=== Dataset content ===
--- START ---

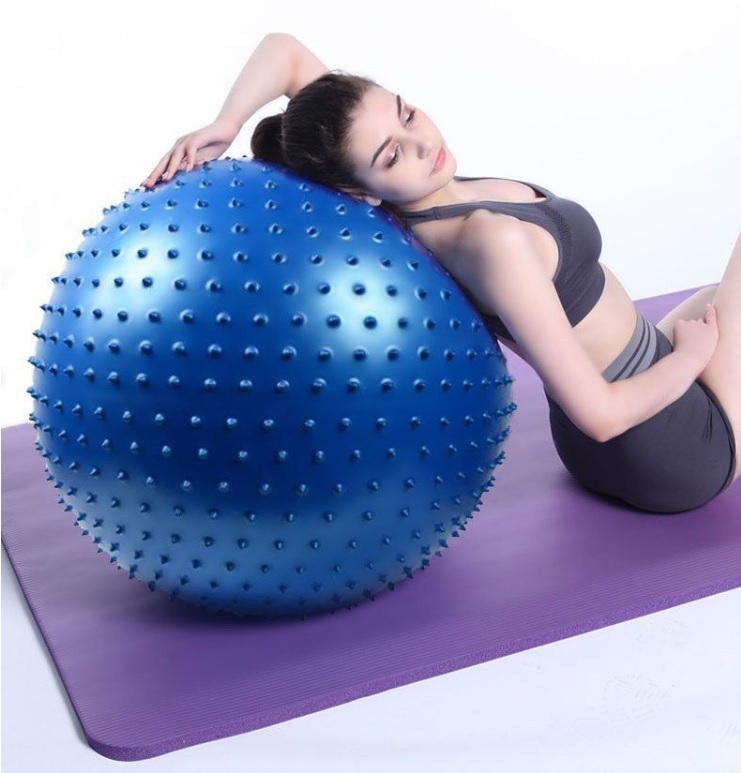 PIŁKA GIMNASTYCZNA MASUJĄCA 75 CM NIEBIESKA Marka Perfectlife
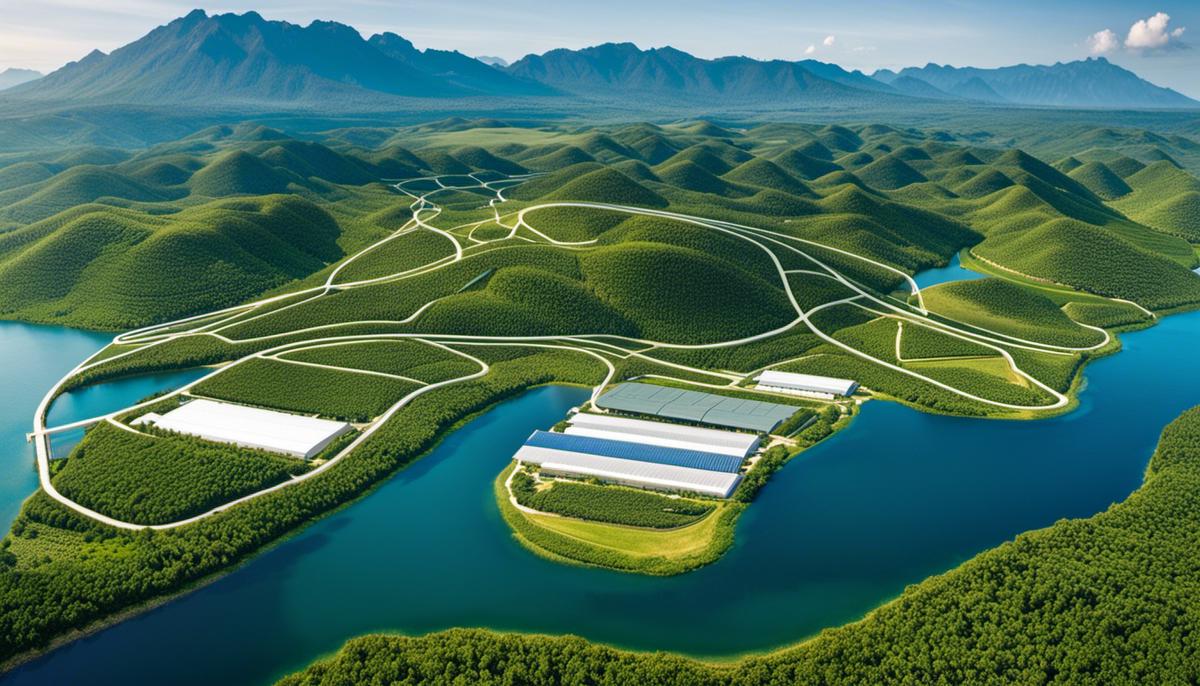 Image depicting the intersection of sustainability and ethics in global supply chain management, showcasing responsible sourcing and environmental impact.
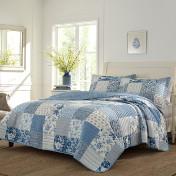 Load image into Gallery viewer, Paisley Patchwork Blue Quilt Set
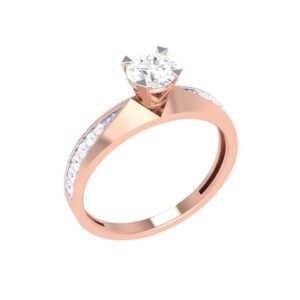 Rose Gold Delicate Solitaire Diamond Ring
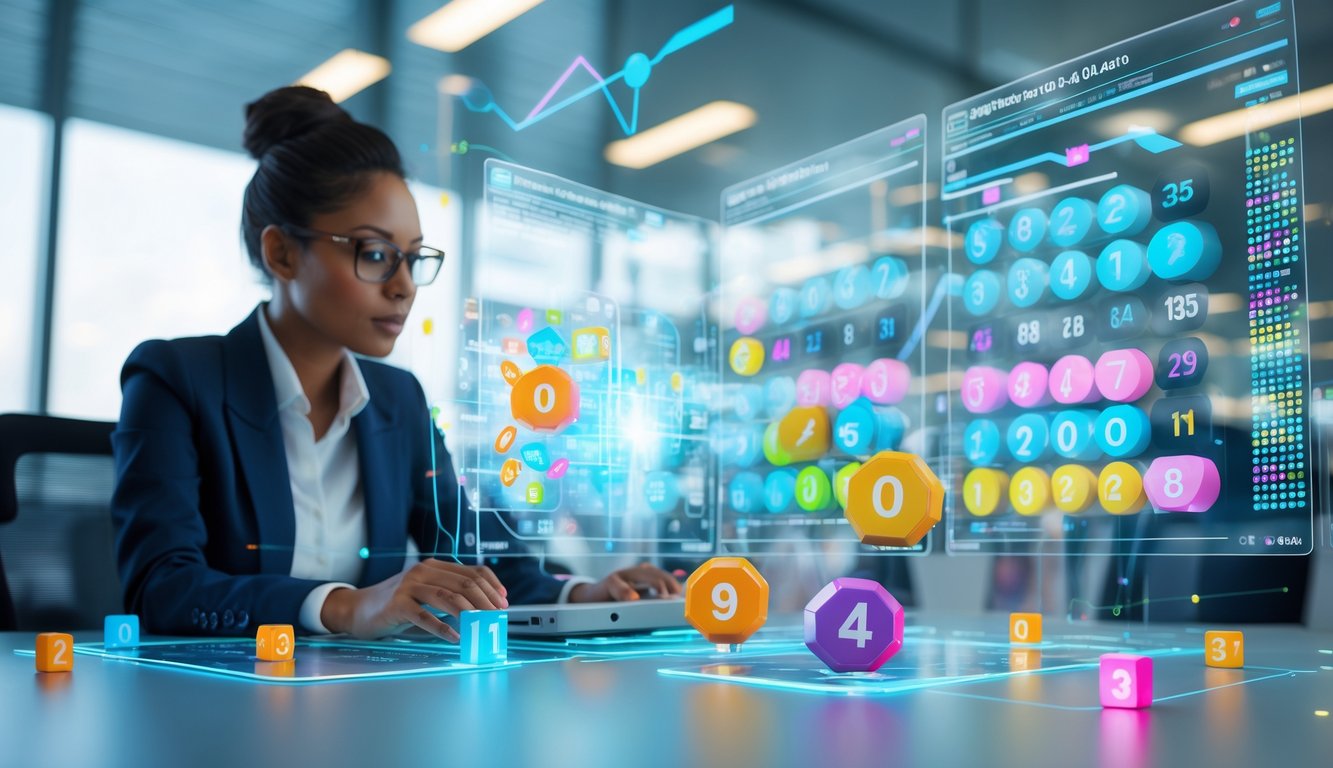 Seorang profesional sedang menganalisis data angka 3D dengan teknologi modern di ruang kantor yang terang.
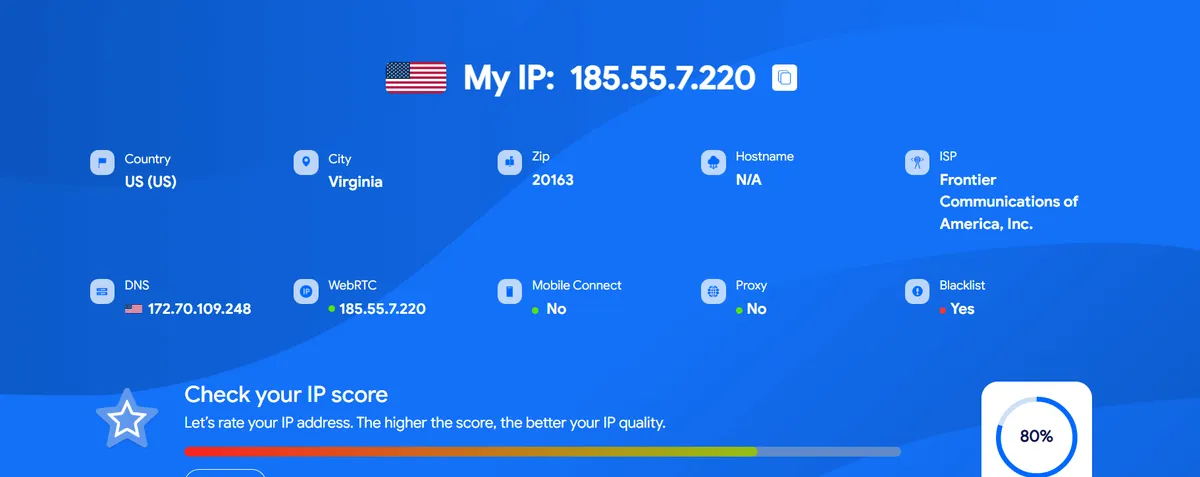 IP: US Virginia (185.55.7.220) 🇺🇸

--- END ---

=== Prompt ===
Give back, unaltered, each line of the listing from the first to the line that contains "Rose Gold Delicate Solitaire Diamond Ring", leaving every picture out.

=== Output for this exercise ===
 PIŁKA GIMNASTYCZNA MASUJĄCA 75 CM NIEBIESKA Marka Perfectlife
 Image depicting the intersection of sustainability and ethics in global supply chain management, showcasing responsible sourcing and environmental impact.
 Load image into Gallery viewer, Paisley Patchwork Blue Quilt Set
 Rose Gold Delicate Solitaire Diamond Ring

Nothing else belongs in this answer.